As Christmas, 2017, comes near, I am deeply impressed with a memory of my grandfather. Kindly allow something personal – a brief reminiscence for this very moving part of the year. Grandfather, born 1876, was an uncomplicated, quiet, friendly man. He had an eighth-grade education, was a miner in deep coal mines of the region as a young man, owner (with Grandmother) of a village general store in mature / elder years; unassuming, but hard-working. Loved his picture-book home garden, fishing in the local lake for blue-gill, sunfish, cleaning them for the feast to follow. When my brother & I visited them in summers as very small children, he took us on long walks over the town bridge to fields full of wild flowers, ready for little hands to pick and take home to Grandmother. He took great delight in teaching us to stand on our heads – demonstrating precisely how it was done!
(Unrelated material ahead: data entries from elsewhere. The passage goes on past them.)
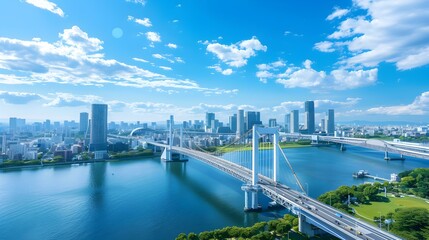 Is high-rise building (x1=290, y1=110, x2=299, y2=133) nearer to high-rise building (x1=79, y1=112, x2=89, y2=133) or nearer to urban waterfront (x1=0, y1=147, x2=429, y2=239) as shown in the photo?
urban waterfront (x1=0, y1=147, x2=429, y2=239)

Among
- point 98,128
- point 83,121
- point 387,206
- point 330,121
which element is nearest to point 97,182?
point 387,206

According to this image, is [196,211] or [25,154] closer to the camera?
[196,211]

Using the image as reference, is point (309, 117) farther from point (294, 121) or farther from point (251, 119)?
point (251, 119)

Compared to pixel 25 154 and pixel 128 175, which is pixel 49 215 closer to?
pixel 128 175

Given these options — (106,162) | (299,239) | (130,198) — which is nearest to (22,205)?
(130,198)

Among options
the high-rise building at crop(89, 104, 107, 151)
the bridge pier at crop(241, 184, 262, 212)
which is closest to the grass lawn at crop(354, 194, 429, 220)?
the bridge pier at crop(241, 184, 262, 212)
His generation, however, was not naive. They lived through both World Wars I & II and the Depression. Like countless others of the time, they demonstrated the depth of character and self-reliance such experiences produce and thrived on faith and the personal friendships of tiny-village life, church, and family.

As the post for today crystallized, these memories came flooding in because Grandfather was the designated “bell-ringer” for church. About 20 minutes or a half hour before the Sunday church service (the precise time escapes me), he invited me to go along when he walked the block from home to church. He opened the front door, and there in the foyer – wrapped around a hook on the wall – was the rope. After freeing it from the wall, he stood in the center of the entry-way, pulling the rope for the single bell in the tower above. Up–down–up–down, over and over, signaling to townsfolk that church would begin shortly. Time to come for Sunday School and the Service!
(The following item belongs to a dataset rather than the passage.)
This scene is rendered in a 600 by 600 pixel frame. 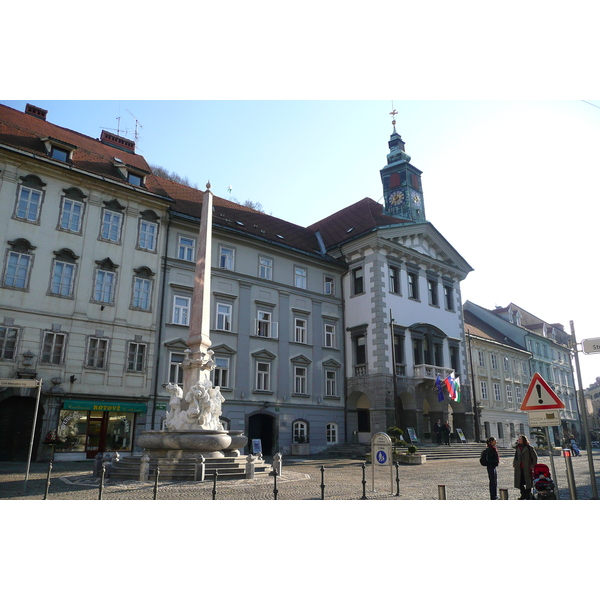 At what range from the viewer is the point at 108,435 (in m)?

In my elder years, I have been happily surprised by the opportunity to arrange music for carillon – a much more sophisticated system of bells than this childhood memory relates. One never knows quite how the little folks in their life perceive early experiences. This is the time of year to love and appreciate them all a bit “extra,” and–as this poem makes clear–keep the hope of “peace on earth” flowing.

I heard the bells on Christmas day
Their old familiar carols play,
And wild and sweet the words repeat
Of peace on earth, good will to men.

I thought how, as the day had come,
The belfries of all Christendom
Had rolled along th’unbroken song
Of peace on earth, good will to men.

And in despair I bowed my head:
‘There is no peace on earth, ‘ I said
‘For hate is strong, and mocks the song
Of peace on earth, good will to men.’

Then pealed the bells more loud and deep:
‘God is not dead, nor doth He sleep;
The wrong shall fail, the right prevail,
With peace on earth, good will to men.


Till, ringing, singing on its way,
The world revolved from night to day
A voice, a chime, a chant sublime,
Of peace on earth, good will to men.